The relationship and bond between dog/human becomes quickly evident. The dogs always take the portrait seriously, always look to camera and hold the gaze.
This series repeatedly challenges (mis) perceptions: a vulnerable man embracing his large, seemingly fiercesome dog telling 'he's a rescue dog - he rescued me'; a tiny, trembling chihuahua jumps off the bench and squares up to a passing Staffie...
These are knowingly modest portraits - but portraits which arguably reward scrutiny, showing as they do how lives are enhance and conversations initiated through our dog ownership.

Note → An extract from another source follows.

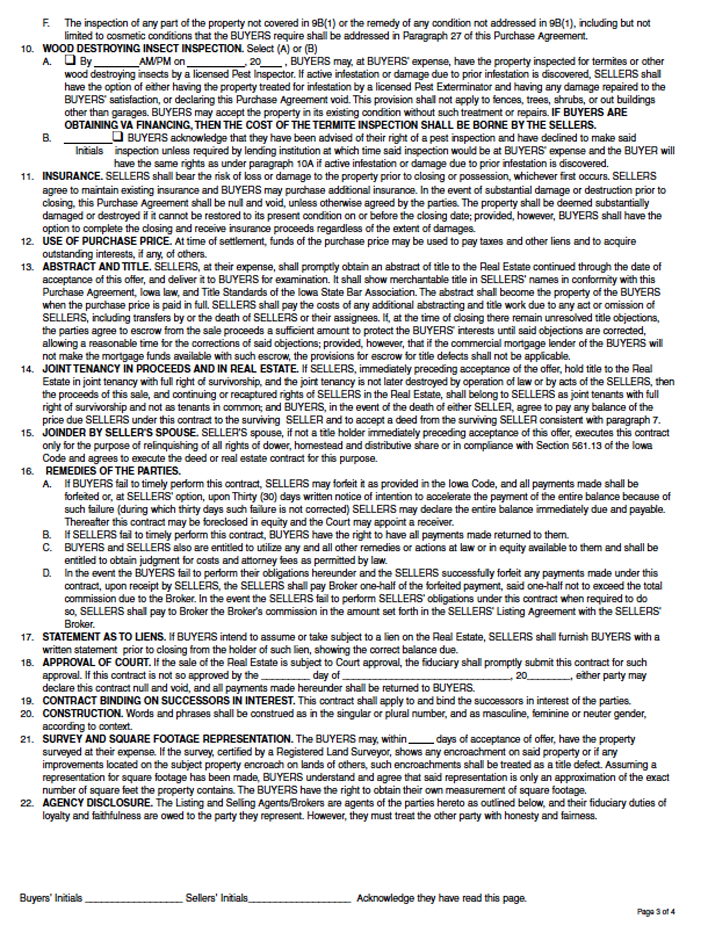 Iowa Residential Real Estate Purchase Agreement Form Page 3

close to home: on the jetty
Broadstairs Jetty is where I often work, a 10 minute stroll along the beach and I am there. It is here I spend much – perhaps too much time - kicking about. Anyone who calls at home to find me absent – heads down to the jetty and more often than not I'm there making pictures - it’s all a long term (lifetime) project.
I capture visitors as they move from the prosaic jetty car park to the beach - often stressed from the drive and laden with seaside paraphernalia - the images show the visitor looking beyond me to the beach - looking forward to the day ahead.

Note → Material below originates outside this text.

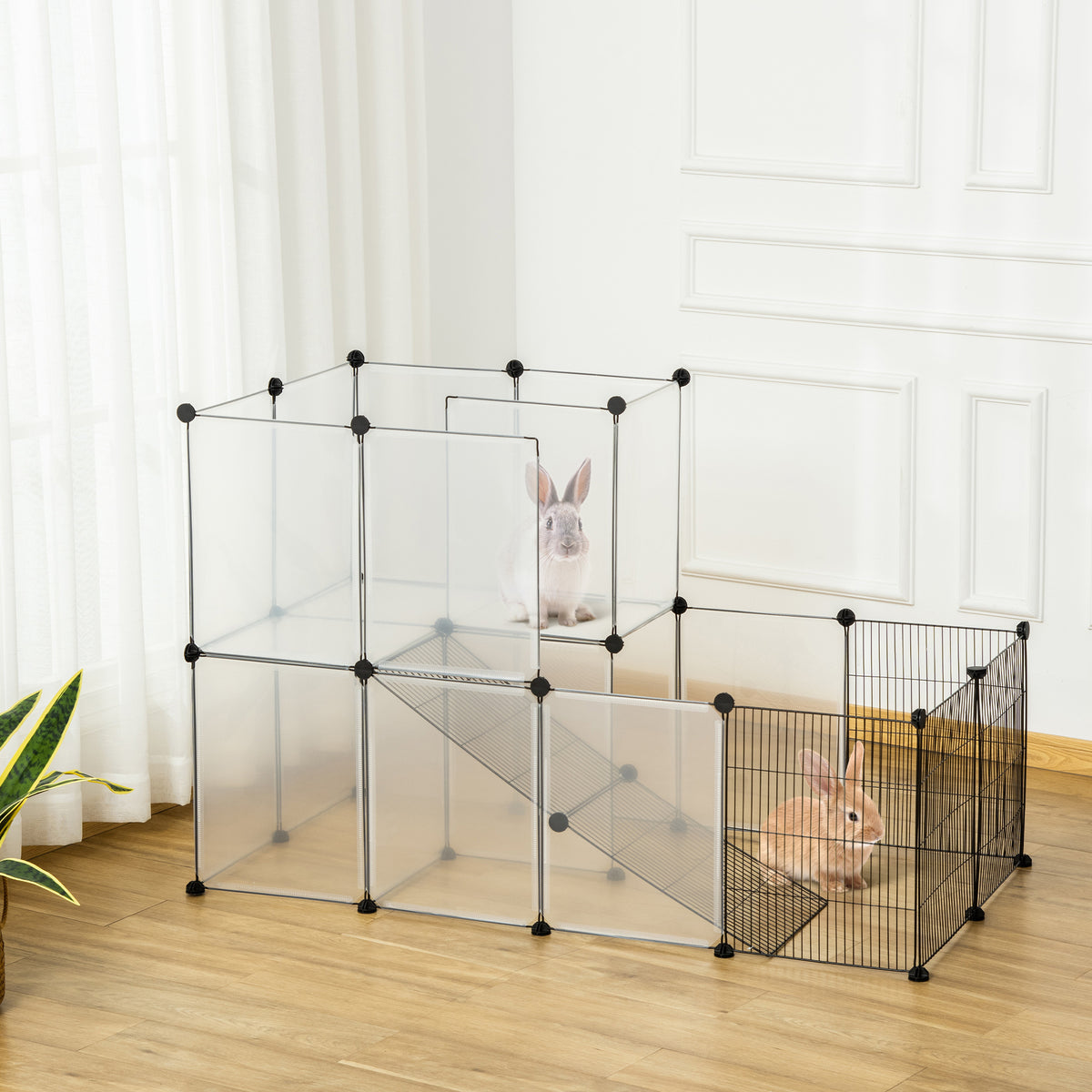 Enclos lapin interieur, 2 niveaux, parc modulable pour petits animaux, 27pcs, 140 x 70 x 90 cm, noir-1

The welcome rest also series began here. The simple bench which leans against the clinker-built harbourmasters office has carved beneath and painted white 'A WELCOME REST' - once only harbourmen could use this, but in this less deferential age all (including dogs) make use of this modest spot.
close to home: between the tides
along the thanet coast is the extraordinary Walpole Bay tidal pool. Some 4 acres in size it provides free space for people to gather, to play, to swim, to forage and to fish.
It is here that I encounter sea swimmers making use of the water throughout the year. Comfortable in their own skins and living in the moment.
In 2017 this pool, so vital to many of the coastal communities of Thanet, is 80 years old. A democratic gathering space at the water's edge.
Canute the Great
Daniel & Matthew
Daniel & Matthew
close to home: the last whelkman
Keeping it local - Julian is the last whelkman to be working off the small harbour at Broadstairs. Once he has harvested the whelks from the sea, Julian returns to the jetty. He boils, shells and then takes the whelks 1/2 mile inland to the local fishmongers.
100 COUPLES: are couples I photograph each year. There is a discipline to this work and a shared aesthetic. The film used (instant), the positioning of the couples and the camera set up remains consistent. The original 200 self-selecting participants decrease each year - now in its 7th year only 30 people remain, signifying partner change, loss and boredom. Each year the final works have been collated into a montage of 100 images (2011) and 54 images (2012) 38 images (2013) 36 images (2014) 24 images (2015) 18 images (2016). Who knows how many will come and find me in 2017...
LIGHT: between 2010-2015 I ran a studio space and gallery right on the jetty. It was known as The Old Lookout' and friends on warm sunny days would head down to catch up and gather. On arrival they would often hesitate in the doorway, enjoying being in the air and yet feeling the need to engage with me. The sunlight was frequently so bright I could see nothing but their silhouette. Instant film captures my experience.